Texte intégral
COUR D'APPEL
D'[Localité 2]
[Adresse 1]
[Localité 2]
Chambre 3-4
N° RG 21/03928 - N° Portalis DBVB-V-B7F-BHDYJ
Ordonnance n° 2023/M121
Mme [M] [I] épouse [W] exerçant sous l'enseigne BAR TABAC O'CENTRAL
Représentée par Me Sandra JUSTON de la SCP BADIE, SIMON-THIBAUD, JUSTON, avocat au barreau d'AIX-EN-PROVENCE
et assistée de Me Valérie PICARD, avocat au barreau de MARSEILLE
Appelante
S.C.I. CELYN prise en la personne de son représentant légal en exercice
Représentée par Me Françoise BOULAN de la Selarl BOULAN-CHERFILS-IMPERATORE, avocat au barreau d'AIX-EN-PROVENCE et assistée de Me Rebecca VANDONI, avocat de la SELARL BOULAN-CHERFILS-IMPERATORE, avocats au barreau d'AIX-EN-PROVENCE
Intimée
ORDONNANCE D'INCIDENT
du 25 mai 2023
Nous, Anne-Laurence Chalbos, magistrat de la mise en état de la chambre 3-4 de la cour d'appel d'Aix-en-Provence, assistée de Valérie Violet, greffier,
Après débats à l'audience du 5 avril 2023, ayant indiqué à cette occasion aux parties que l'incident était mis en délibéré, avons rendu le 25 mai 2023, l'ordonnance suivante :
Par jugement du 28 janvier 2021, le tribunal judiciaire de Marseille a débouté Mme [M] [W], titulaire d'un bail commercial, de ses demandes dirigées contre la société Celyn, bailleresse, en indemnisation de préjudices résultant de la fermeture de son établissement pendant 113 jours en raison de gros travaux effectués par la bailleresse en exécution d'une ordonnance de référé du 15 janvier 2014.

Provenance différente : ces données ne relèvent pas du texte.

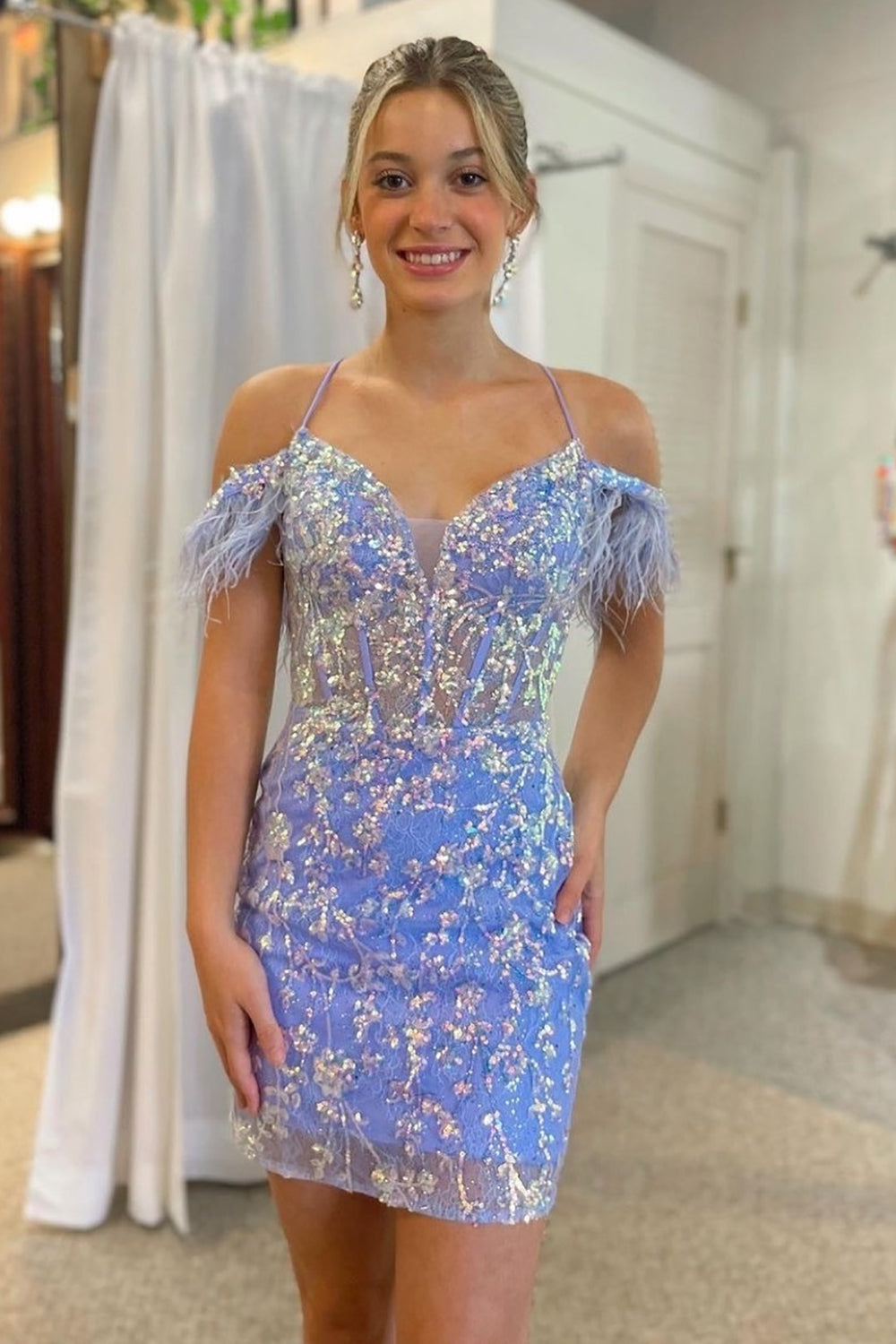 Gorgeous Bodycon Blue Short Homecoming Dress with Feather jkprom Gorgeous Bodycon Blue Short Homecoming Dress with Feather jkprom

Mme [W] a interjeté appel de ce jugement le 16 mars 2021.
Mme [W] a cédé son fonds de commerce par acte du 12 août 2021.
À cette occasion, elle a signé le 29 juillet 2021 à la demande de la bailleresse une déclaration aux termes de laquelle elle se désistait de toute procédure en cours contre la SCI Celyn.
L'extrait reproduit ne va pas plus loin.